On 11th november some centuries of tradition came to an end. How many centuries-ah how many! Estimates vary. The Guardian said 600 years; a government minister 200 years. It was 800 years for those who trace the power of the Lords to the year when his barons forced King John to sign the Magna Carta in 1215. It was 300, according to constitutional experts who saw the “Glorious Revolution” of 1688 as the beginning of the compromise between inherited and secular power which is now drawing to a close. More realistically, it was just 88 years since the Parliament Act of 1911 gave the elected Commons decisive supremacy and permitted the Lords the right only to delay legislation. In its preamble, that act described itself as a temporary measure. It foresaw “a Second Chamber constituted on a popular instead of a hereditary basis.” Since then the hereditary Lords have clung on with varying degrees of honour and dishonour, but without legitimacy.
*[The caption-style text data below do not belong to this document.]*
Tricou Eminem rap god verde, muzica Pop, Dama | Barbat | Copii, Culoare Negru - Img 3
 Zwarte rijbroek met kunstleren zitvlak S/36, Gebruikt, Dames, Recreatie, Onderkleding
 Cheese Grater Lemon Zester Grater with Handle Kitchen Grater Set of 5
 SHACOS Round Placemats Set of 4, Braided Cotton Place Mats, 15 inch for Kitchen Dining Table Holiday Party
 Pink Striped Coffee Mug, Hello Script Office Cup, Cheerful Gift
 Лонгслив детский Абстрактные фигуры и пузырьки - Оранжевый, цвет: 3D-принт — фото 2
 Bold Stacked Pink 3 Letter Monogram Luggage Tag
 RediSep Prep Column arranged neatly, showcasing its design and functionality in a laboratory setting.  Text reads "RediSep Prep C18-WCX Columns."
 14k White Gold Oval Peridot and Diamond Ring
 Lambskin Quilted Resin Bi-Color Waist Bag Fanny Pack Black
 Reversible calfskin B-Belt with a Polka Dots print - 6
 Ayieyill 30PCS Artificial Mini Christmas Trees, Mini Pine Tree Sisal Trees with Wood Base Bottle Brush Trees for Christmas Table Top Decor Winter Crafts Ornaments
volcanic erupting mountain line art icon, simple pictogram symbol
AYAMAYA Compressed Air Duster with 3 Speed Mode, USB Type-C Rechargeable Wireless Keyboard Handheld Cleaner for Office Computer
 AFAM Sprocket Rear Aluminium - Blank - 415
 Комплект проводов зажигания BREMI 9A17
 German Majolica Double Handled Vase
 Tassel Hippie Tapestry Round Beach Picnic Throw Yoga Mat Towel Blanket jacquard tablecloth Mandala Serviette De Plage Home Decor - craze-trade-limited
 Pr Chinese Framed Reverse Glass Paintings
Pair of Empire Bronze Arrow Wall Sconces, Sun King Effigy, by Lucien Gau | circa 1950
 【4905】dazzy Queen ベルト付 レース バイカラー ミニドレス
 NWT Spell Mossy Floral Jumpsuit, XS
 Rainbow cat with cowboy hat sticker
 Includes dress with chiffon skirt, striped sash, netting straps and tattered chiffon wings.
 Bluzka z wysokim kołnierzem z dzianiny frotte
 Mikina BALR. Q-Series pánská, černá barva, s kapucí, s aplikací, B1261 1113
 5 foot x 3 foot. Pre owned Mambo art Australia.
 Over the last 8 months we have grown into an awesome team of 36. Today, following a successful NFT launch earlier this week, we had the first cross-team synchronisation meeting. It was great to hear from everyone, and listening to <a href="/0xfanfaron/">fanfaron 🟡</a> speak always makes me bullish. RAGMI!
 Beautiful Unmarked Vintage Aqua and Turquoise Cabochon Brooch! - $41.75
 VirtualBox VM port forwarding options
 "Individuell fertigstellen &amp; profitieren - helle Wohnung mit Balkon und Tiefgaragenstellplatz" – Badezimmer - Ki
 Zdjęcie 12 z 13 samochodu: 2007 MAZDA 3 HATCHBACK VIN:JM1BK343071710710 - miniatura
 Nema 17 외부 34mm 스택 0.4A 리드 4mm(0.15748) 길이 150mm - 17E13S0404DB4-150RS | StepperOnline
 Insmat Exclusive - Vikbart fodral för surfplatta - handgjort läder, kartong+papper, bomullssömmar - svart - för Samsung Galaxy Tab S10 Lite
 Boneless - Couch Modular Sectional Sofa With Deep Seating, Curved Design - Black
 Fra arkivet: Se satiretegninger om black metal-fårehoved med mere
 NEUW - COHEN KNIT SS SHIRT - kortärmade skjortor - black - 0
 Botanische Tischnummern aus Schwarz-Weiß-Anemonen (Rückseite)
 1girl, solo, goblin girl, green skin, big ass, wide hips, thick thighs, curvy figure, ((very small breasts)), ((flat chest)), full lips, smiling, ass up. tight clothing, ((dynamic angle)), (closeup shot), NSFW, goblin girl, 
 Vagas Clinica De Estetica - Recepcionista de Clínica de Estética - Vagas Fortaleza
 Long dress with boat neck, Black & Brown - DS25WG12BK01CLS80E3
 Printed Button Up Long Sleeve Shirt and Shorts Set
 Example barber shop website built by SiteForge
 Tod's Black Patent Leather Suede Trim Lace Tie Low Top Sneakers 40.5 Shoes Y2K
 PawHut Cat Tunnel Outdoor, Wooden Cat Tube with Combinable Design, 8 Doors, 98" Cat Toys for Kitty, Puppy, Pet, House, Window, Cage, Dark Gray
Now they have gone. But it has not been done in a decent and honourable way. When an old member of the family dies it is important to give them a good funeral. This is not simply a matter of what they may or may not deserve. The living need to bury the dead. To put them behind us demands saluting the life they led. It is even more important to mark the departure of an old predecessor with all due ceremony if you have committed euthanasia. You must share, explain and take responsibility for this act, or the victim will haunt you thereafter.
The spirit of the Lords lingers on. Their worst aspects-unfairness, privilege, centralisation, lack of democracy -continue still, despite the fact that no one any longer will have the right by birth to sit in the legislature and use its subsidised facilities. While the best aspects of the hereditaries-their eccentricity, independence, rootedness and authority-have been diminished by the manner of their dismissal. Britain remains a long way from enjoying a second chamber based on the popular consent foreseen in 1911. Instead we have another variation on the theme of a temporary House of Lords. This time it is composed, in the main, of so-called “life peers.” Mostly, these were pensioned-off politicians given the title of Lord for the rest of their lifetime. The first time I went to have tea there, ten years ago, I thought I had crossed the Styx, as the frail and shrunken forms of half-famous figures I thought of as long dead tottered past, like ghosts.